» **PROBLEM TO SOLVE**
Every line of the material is to be quoted verbatim, minus the pictures.

» **DATA SHOWN**

----------

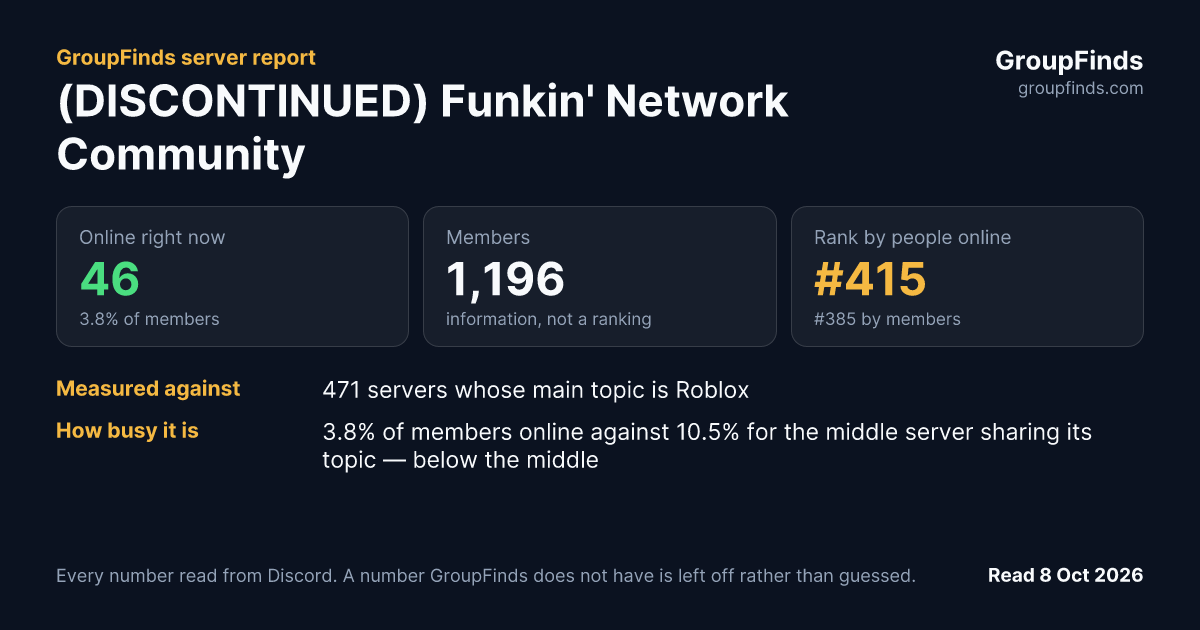 (DISCONTINUED) Funkin' Network Community's GroupFinds server report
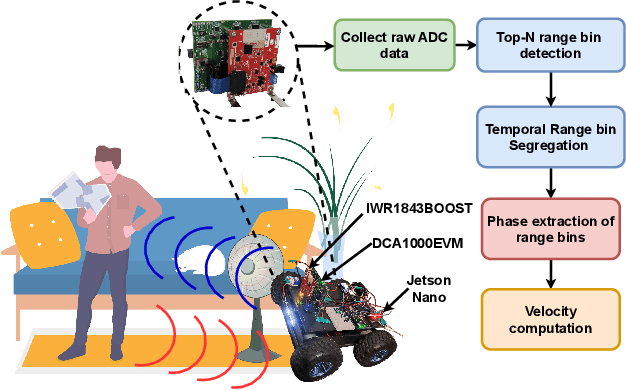 Figure 1 for Dynamic Ego-Velocity estimation Using Moving mmWave Radar: A Phase-Based Approach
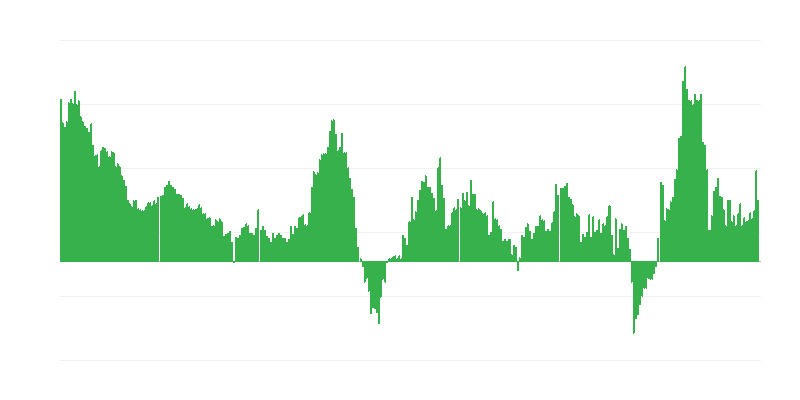 インフレーション – ホテル、カフェ、レストラン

----------

» **EXERCISE ANSWER**
 (DISCONTINUED) Funkin' Network Community's GroupFinds server report
 Figure 1 for Dynamic Ego-Velocity estimation Using Moving mmWave Radar: A Phase-Based Approach
 インフレーション – ホテル、カフェ、レストラン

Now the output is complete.